But the thing is, my family jumping to take care of her was really nice to see, and again reaffirmed the signs I’ve been seeing about slowing down and prioritizing self-care. I get so caught up with work, volunteering, projects, ideas, outings, conversations, and life in general – and I get pretty damn excited about it – that I forget to slow down and collect myself and be still in the chaos and passion. I’m working so hard and am so focused on an ideal or end goal that I forget that life is always full of surprises and won’t always give us what we want and when we want.
Perhaps it’s a 21st century, first world millennial problem, but instant gratification and our fast-paced lifestyle has made us expect for everything and everyone to be ready at the slightest tremble of our fingertips. Which is ridiculous and rude, if you think about it. We are all moving at our own pace, and we shouldn’t compare our speed or direction to another person’s. Our journeys are our own, and we often forget how precious and significant they are.
I am quite guilty of taking my personal journey for granted. I see my peers and family and friends moving at different paces and taking on their own struggles, but I usually focus on the ones who are relentless in their race to riches, whatever these riches are. Looking at these people, I yearn to be as energetic, as focused, as smart, as non-stop. And that’s where the stress starts. Another lesson that needs repeating is to stop comparing myself to others, to continue to believe in myself – because that is where the answers lie and where I get my strength and validation. I also need to trust myself and the process, and wait for it, whatever “it” is.
Before, whenever I heard the words “wait for it,” I would get reminded of Barney Stinson from How I Met Your Mother. Now, I get reminded of the song from Hamilton. A much better pop culture reference, in my opinion. It’s a song that will likely resonate with other 20-somethings as we go about our own journeys. Aaron Burr is the foil to Alexander Hamilton, and compares himself to Hamilton in the song, but I think that there can be a healthy balance. We’re not completely alone in life, after all. We just have to figure out how community affects our sense of individuality and well-being. And we must remember that we are inimitable and are able to control how we go about our journeys.

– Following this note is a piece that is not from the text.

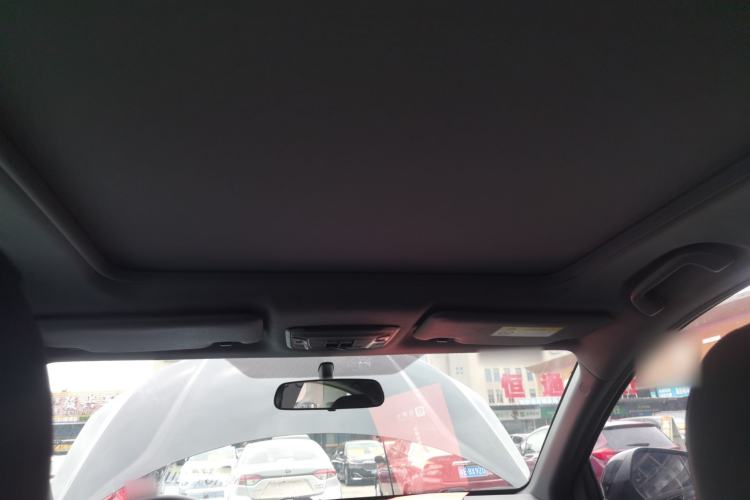 Used Honda XR-V 2017 1.8L EXi CVT Comfort Version
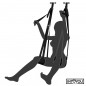 INTOYOU BDSM LINE COLUMPIO SEXUAL DE PUERTA CON ASIENTO INTOYOU BDSM LINE COLUMPIO SEXUAL DE PUERTA CON ASIENTO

A lot of shit has happened between my last blog post and now. A lot. Some good, some awful, some terrifying, some exhilarating. Personally, politically, locally, globally… a lot has happened. History has been made. And it’s been a ride.
I think that the overall theme of this year has been extreme living: the highest of highs and the lowest of lows. Friends, family, world leaders, citizens, all of us, have strongly felt something. Whether we have experienced love, heartbreak, loss, confusion, exhaustion, defeat, rejection… it’s all a part of life. And I’ve learned that we are all resilient and passionate enough to keep going back to the things that bring us joy and fulfillment, knowing all too well that we could be torn down again. And again. And again.
And yet, we keep going. We push to think higher, feel deeper. We strive to be the greatest. We act like heroes, even just for one day. Because one day can make a difference. We know this. And damn it, we are optimists and we want the best that life can give us. And we work hard to make sure that we get what we deserve.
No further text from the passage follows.